|AVS 54th International Symposium|
|Plasmonics Topical Conference||Tuesday Sessions|
|Session:||Plasmon-mediated Sensing and Biosensing|
|Presenter:||A.A. Lazarides, Duke University|
|Authors:||M.M. Miller, Duke University
S. Chen, Duke University
A. Chilkoti, Duke University
A.A. Lazarides, Duke University
|Correspondent:||Click to Email|
The plasmon bands of metal nanoparticles are known to be sensitive to the refractive index of the environment. The magnitude of the sensitivities vary widely for resonances supported by particles of various shape, size, and composition. Through spectral simulation, however, it has been shown that the resonant frequency of particles suspended in a medium have sensitivities to refractive index of the medium that are determined with high accuracy by the plasmon frequency and the dielectric properties of the particle and medium, when the particle is composed of a single component and of modest phase volume.1,2 Immobilized particles, in contrast, display sensitivities to the exchangeable component of their media that are reduced relative to those of suspended particles and expected to be dependent upon the nature and localization of the mode and its interaction with the substrate. Here, we report measurements and simulations of the refractive index sensitivities of a family of gold nanorods immobilized on glass, and a comparison of the immobilized particle sensitivities with the generic sensitivities of plasmons supported by suspended particles. The refractive index sensitivities of the immobilized rods are found to be well predicted by a band location dependent sensitivity function reduced from the generic solution phase sensitivity function by a constant scale factor derived from comparison of simulation and theory. The applicability of the result to immobilized particles of other shapes, sizes, and compositions will be discussed within the framework of sensitivity theory.

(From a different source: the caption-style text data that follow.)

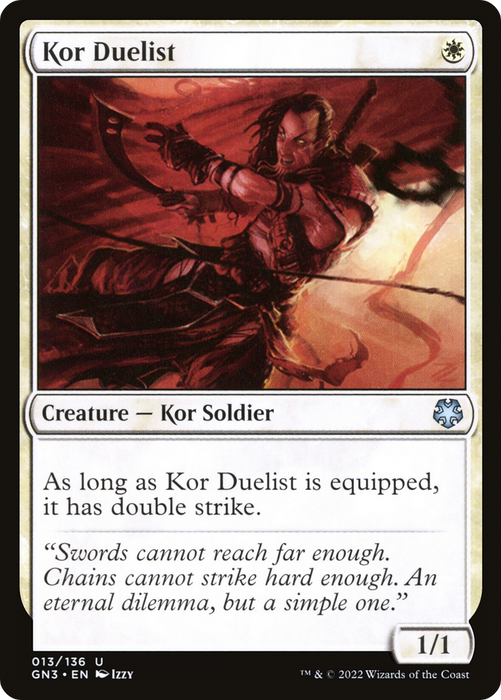 Kor Duelist (GN3-013) - uncommon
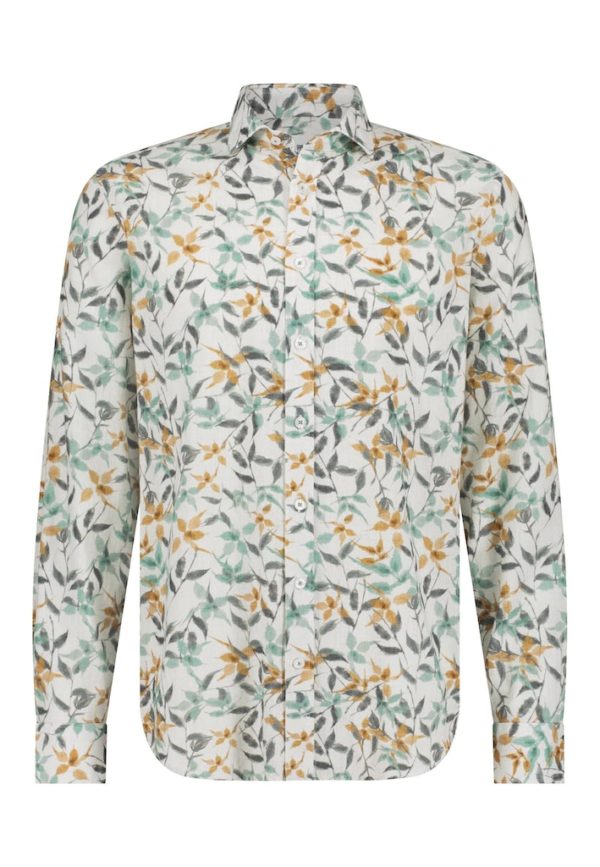 STATE OF ART SHIRT, LONGSLEEVE PRINT SLUB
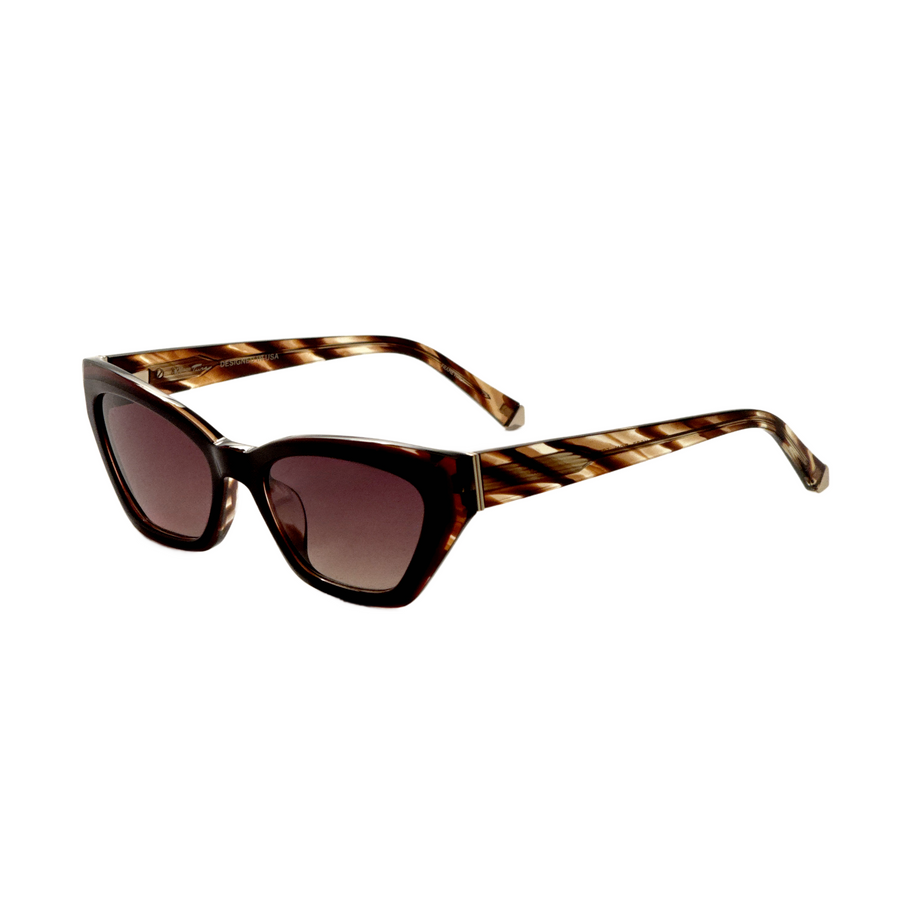 Preloved - Kate Young Delila Womens 53mm Brown Sunglasses K577-Brn-53 One Color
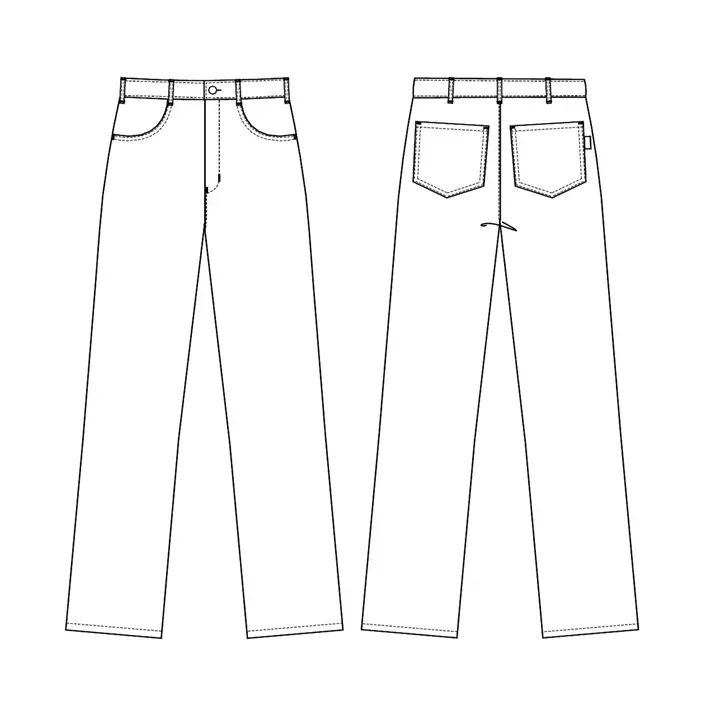 Kentaur trousers jeans, White, large image number 2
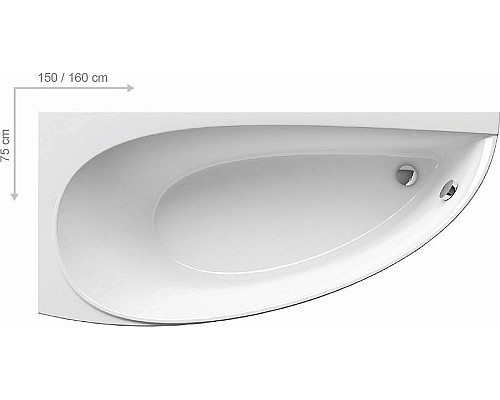 Santeh-Crystal.ru: Акриловая ванна Ravak Avocado 150x75 L CT01000000 без гидромассажа Приобрести Акриловая ванна Ravak Avocado 150x75 L CT01000000 без гидромассажа в магазине сантехники Santeh-Crystal.ru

1 Miller, M. M.; Lazarides, A. A. “Sensitivity of Metal Nanoparticle Surface Plasmon Resonance to the Dielectric Environment” J. Phys. Chem. B 2005, 109, 21556-21565
2 Miller, M. M.; Lazarides, A. A. “Sensitivity of Metal Nanoparticle Plasmon Resonance Band Position to the Dielectric Environment as Observed in Scattering” J. Opt. A: Pure Appl. Opt. 2006, 8, S239-S249.